Now Ethan finds himself in between a rock and a hard place trying to reacquaint himself with his own family and keeping them out of danger — which is what he apparently has been doing by being separated from them for years. His guilt over the circumstances is met with cold indifference from Vivi, and his wife and daughter aren’t fans of him at first to say the least. Slowly though, Zoey allows Ethan into her life when mom goes out of town on a business trip, leaving Ethan with the parental responsibilities.
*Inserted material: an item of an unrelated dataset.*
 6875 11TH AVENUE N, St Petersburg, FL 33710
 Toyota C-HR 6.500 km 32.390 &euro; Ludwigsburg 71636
This is all while he’s coughing and spluttering like a baby refusing Gerber’s food, an ailment his daughter finds ‘annoying’ but isn’t aware is actually a serious problem.
The sum total of 3 Days to Kill is a surprisingly entertaining movie about mixing business with personal lives. Indeed it’s a release in the dreaded month of February, but watching a Kevin Costner having fun with a considerably underdeveloped story is an experience actually worth having. Even Heard doesn’t take herself too seriously this time around, which has been the issue I’ve had in defending her as a decent actress all this time. She is not great in this one either, but she shares a few moments with Costner that do nothing but slap a goofy grin on the viewer’s face.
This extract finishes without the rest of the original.